Ils se dirigèrent alors tous deux vers le salon. Callahan posa le fusil à côté de lui, avant de s’asseoir dans un immense fauteuil de cuir qui sentait le sale cabot mouillé. Mac Pherson prit deux verres qui trainaient négligemment sur son bureau ainsi qu’une bouteille de cognac à peine entamée. Il se servit en premier, laissant son impromptu invité se débrouiller. Le feu de la cheminée crépitait docilement et il eut la flemme d’ajouter de nouveau une bûche. Il se laissa progressivement glisser dans son fauteuil fétiche. C’est lui qui parla le premier.
- Comment m’as-tu retrouvé ?
- Les gens parlent, Mackie, et ce sont toujours les plus anonymes qui en disent le plus. Comme personne ne leur adresse la parole parce qu’ils sont insignifiants, ils sont ravis d’en profiter quand quelqu’un leur demande pour une fois quelque chose.
- Bah.
- Y’a une certaine période, je n’avais pas besoin de me donner tout ce mal, c’est même toi qui venais vers moi. C’était quand déjà ? Ah oui, quand tu avais besoin d’un bon avocat pour t’éviter la prison à perpétuité.
- Tu as fait tout ce chemin pour remuer tout le purin du passé ?
- Non Mackie, bien sûr que non
Il but son verre avec délicatesse tandis que Mac Pherson finissait son deuxième.
- Jack m’a dit que t’étais mort, je ne sais plus où
- Jack, Jack, Jack, arrêtez bon sang avec Jack. Il pense toujours détenir résolument la vérité absolue, aveuglé qu’il est par sa malheureuse quête. Jack ne voit que ce qu’on daigne lui montrer. Et il fait en sorte d’interpréter les évènements uniquement par le seul prisme de son combat, anachronique et malsain. Comment pourrait-on se fier au jugement d’un homme qui n’est même pas foutu de garder une fille comme Mindy, hein, dis-le moi Mackie.
- Hum.
- Hô Chi Minh a un jour dit que la crédulité était le bouclier des lâches.
- Il a vraiment dit ça ?
- Je n’en sais foutre rien, mais Jack l’aurait sans doute cru. Ce qui nous ramène à notre affaire.
Il prit alors la mallette qu’il avait jusqu’alors sur ses genoux et la posa sur la table basse. Il défit les deux loquets et l’ouvra méticuleusement. Des liasses des billets verts, fraichement sortis de la banque. Mac Pherson bougea un sourcil et se frotta sa bonne vieille barbe. Cela devait faire au bas mot dans les cinq cent mille dollars. Comme ça, sur son antiquité de table. Il ne pipa mot.

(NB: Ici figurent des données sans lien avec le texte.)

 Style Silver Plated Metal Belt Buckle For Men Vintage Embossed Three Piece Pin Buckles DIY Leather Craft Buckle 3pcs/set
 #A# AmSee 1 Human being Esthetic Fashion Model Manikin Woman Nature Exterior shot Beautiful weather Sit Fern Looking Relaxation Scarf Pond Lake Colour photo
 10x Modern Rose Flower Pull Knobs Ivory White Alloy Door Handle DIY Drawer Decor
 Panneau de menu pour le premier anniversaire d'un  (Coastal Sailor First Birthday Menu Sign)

- Avec tout cet argent, je sais que tu peux rester tranquille un bon moment Mackie. J’ai acheté ta liberté, je peux bien acheter ton silence. Restes sur la touche un temps, tout devient obscur et dangereux, je n’ai pas besoin de toi dans mes pattes.
- Et si je refuse ?
- Je te pulvérise la tronche avec ça.
Il prit la chevrotine.
- Bien évidemment, si tu essaies de me rouler, je raconterais tout à Jack, tu m’entends, tout. Ton véritable passé, ta réelle identité. Oh, et peut-être que je me laisserais aller à quelques confidences sur ta nuit agitée avec Mindy un soir d’août dans ce motel miteux de San Francisco.
- Que le diable t’emporte Callahan.
- Mais oui Mackie, mais oui !
Callahan se leva, en laissant le fusil et la mallette. Mac Pherson se noyait dans son verre.
- Tu ne peux plus rien faire Mackie, tu es dépassé, tu es pieds et poings liés. Toute cette affaire a pris des proportions incommensurables, il faut que tu laisses tomber. C’est entre moi et Jack désormais. Tu es usé jusqu’à la corde. Tu es à l’automne de ta vie. Tu es mort à l’intérieur. Tu ne peux plus faire face au Gogo.